22 Eylül 2011, 22.57
   Benim çocukluğumda bizlerde birşeyler satma para kazanma derdindeydik. Dediğin gibi su satardık, ne bileyim dayımların kapattıkları kırtasiyeden kalma iplikler, yünler, düğmeler satardık. O zamanlarla şimdiki zaman bir değil diye düşünüyorum. Çocuklara acıyoruz diye bunu kullanıyorlar ve onları birşeyler satmaya, hatta ve hatta dilendirmeye zorluyorluyorlar. O yüzden ben hiç bi çocuktan birşey satın almam ya da sadaka vermem. Buralarda görüyoruz; 'Tartı var, tartalım mı abla?' , 'Ayakkabını boyayalım mı abla?' , 'Bir mendil de sen alıver be abla?' gibi. O kadar gücümüz yok mu? Var tabiki, ama böyle yaparak onlara kazandırmadığımızın bilincinde olmalıyız.
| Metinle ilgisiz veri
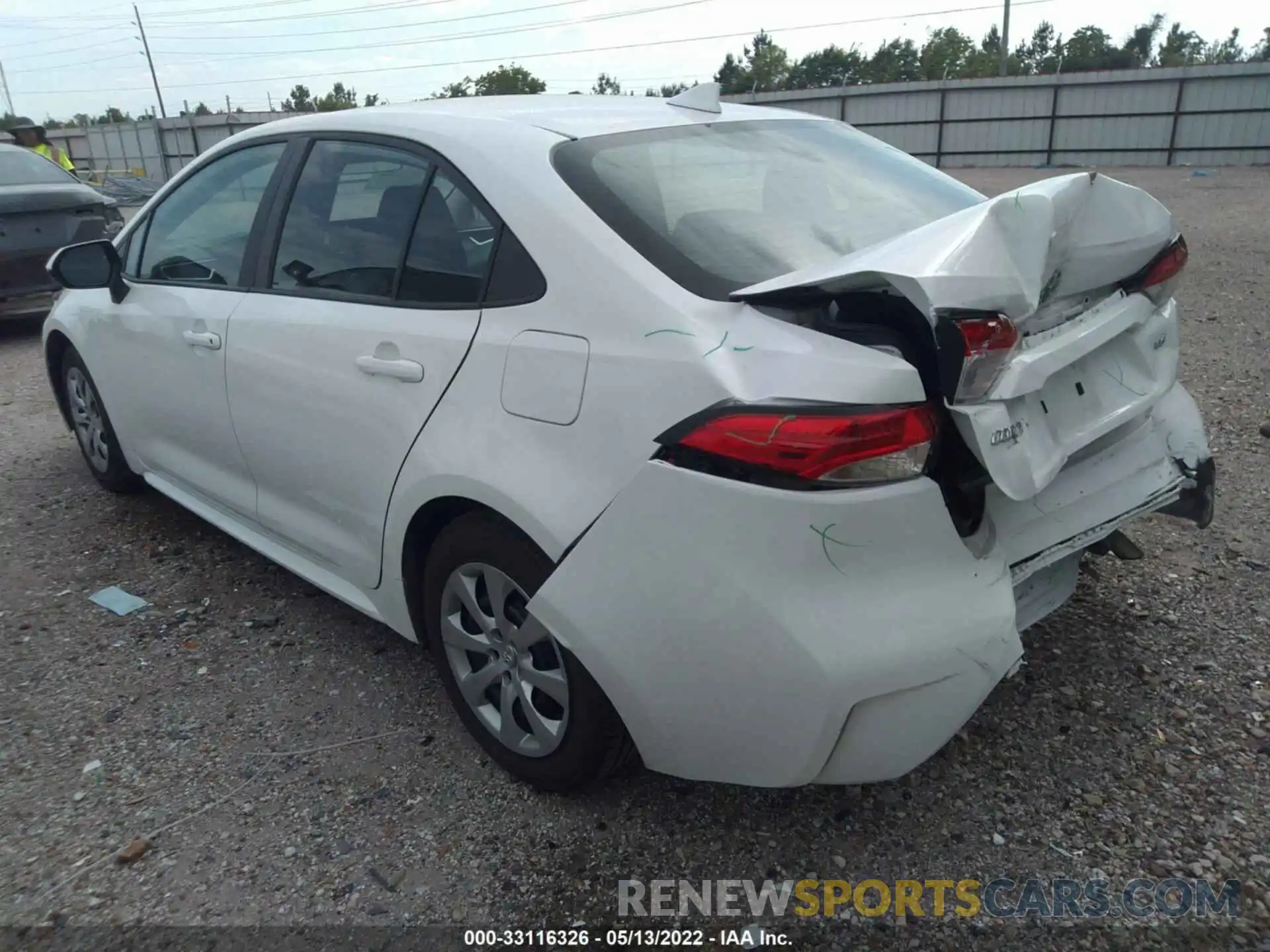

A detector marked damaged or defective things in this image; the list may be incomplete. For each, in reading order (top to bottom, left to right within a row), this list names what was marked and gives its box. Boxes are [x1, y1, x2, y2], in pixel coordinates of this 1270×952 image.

crumpled trunk lid [736, 173, 1178, 502]
broken bumper cover [525, 464, 1021, 792]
Tabiki gerçekten ihtiyacı olanlar da vardır içlerinde ama onlarıda çocuklar değil büyüklerinin düşünerek çalışması çocukların bakması lazım gerek diye düşünüyorum. Tabi senin  yazındada bunlardan bahsetmmişsin bende bir altını çizeyim istedim. Eline sağlık :)
22 Eylül 2011, 23.29

sacma buldum dedim ya

cok saçma boş vakit harcama bu işler

23 Eylül 2011, 02.00
Yine mükemmel bir yazıyla aşılanmış bir ders karşımızda :)
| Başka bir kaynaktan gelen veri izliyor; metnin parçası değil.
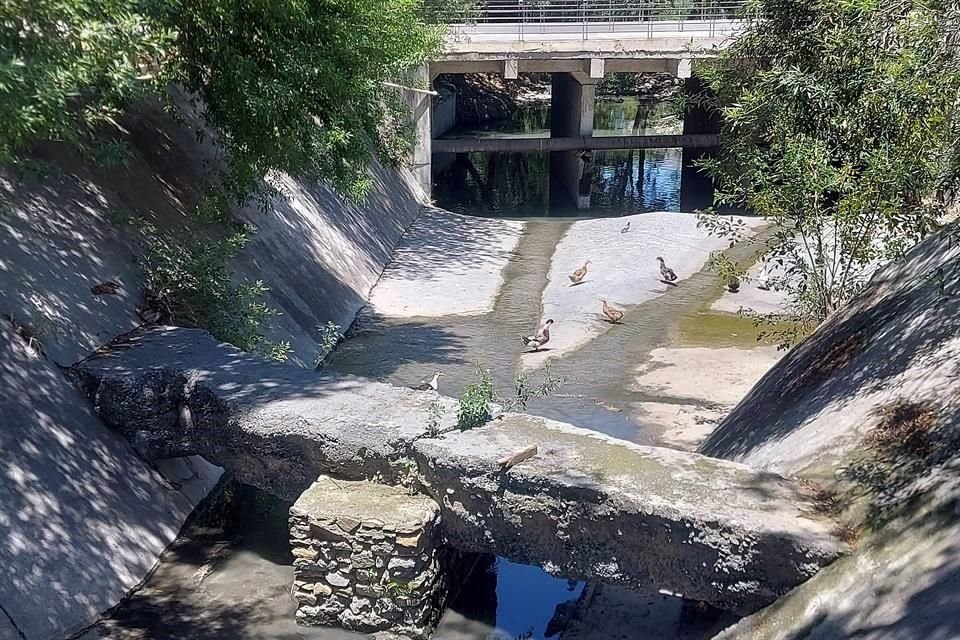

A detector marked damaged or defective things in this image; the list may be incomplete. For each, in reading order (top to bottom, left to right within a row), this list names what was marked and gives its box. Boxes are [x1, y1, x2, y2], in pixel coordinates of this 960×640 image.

broken concrete slab [75, 328, 848, 612]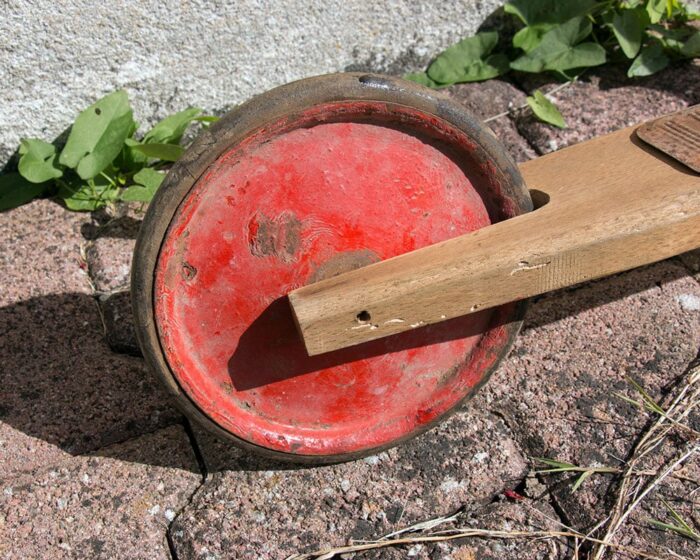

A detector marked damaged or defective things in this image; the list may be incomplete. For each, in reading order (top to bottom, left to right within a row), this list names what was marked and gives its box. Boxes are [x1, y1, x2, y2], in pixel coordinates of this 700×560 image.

rusty metal edge [131, 71, 532, 464]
Malesef hayat şartları ve kimse yerini önceden seçemiyor.. Hayat, sundukları ile savaşmak zordunda bırakıyor o minicik elleri... Böyle bi zamanda, bulduğumuzdan daha fazlasını isteyen bizlerden eminim ki, O gözler daha iyi biliyor hayatın kıymetini...
23 Eylül 2011, 03.10
TRAPPER-4EVER yazıların her denk geldiğinde okuyorum yetmiyor bir daha okuyorum. Böyle kelimeleri tatlı bi ahenkle bir araya getirenler az,o yüzden seni tebrik ediyorum.Ama ben yapamıyorum yolda,parkta.. bir çocuk görsem bir şeyler satan  adeta kaçıyorum ordan.Üzülüyorum  üstleri başları perişan ellerinde birşeyler abla alırmısın acaba alsam onun paraları kendinin mi olacak yada birileri evde bekliyormu hasılat ne kadar diye..İş çocuk sevindirmekse hemen giderim birşeyler alırım al canım bunu oyna,bunu giy,aman bunlarda ne tatlıdır şimdi.. Ama para veremem ki, o  ufacık ellerden bir şeyler uman açgözlü tembel nesifleri düşündükce,..
23 Eylül 2011, 03.28
Benim annem eve katkı olması için dantel örüp satardı.Bende daha 5 yaşlarındayım, anneme özenip bana da öğret diye tutturmuştum.Öğrendim de bir yumağı bir haftada bitiriyor pazarda satıyorduk.Tabi kirlendiği için yıkansa dahi lekeli kalıyordu.Ama annem benim ördüğümü söyleyince alırlardı .o parayla bana terlik ,üst baş yettiğince alınınca daha bir hevesle yapardım.Dantel ustası oldum bu sayede.Okul dönemlerim başlayınca yaz tatillerinde yapardım.Kışında kankamla beraber yeni yeni dikilmeye başlayan apartman inşaatlarına işçiler gidince dolaşır,çivi demir parçaları toplar eskicilere satar okul harçlığımızı çıkarırdık.Birgün yine çivileri sattık,kurabiye filan alacaz.kurabiyeler dükkanın önünde sepetlerin içinde acı badem beze un kurabiyesi vb.içeriside müşteriyle dolu adam bizemi bakacak.Beklemekten sıkıldık elimize birer tane alalımda adam gelir parasını veririz diye düşündük.Ama adam gelmyor.kurabiyeler elimizde iki üç derken 5 er tane aldık.AMAAN gelmiyor zorlamı verecez diyerek alıp gitmiştik.Çocuk aklı işte sayenizde ben dede anılar canlandı.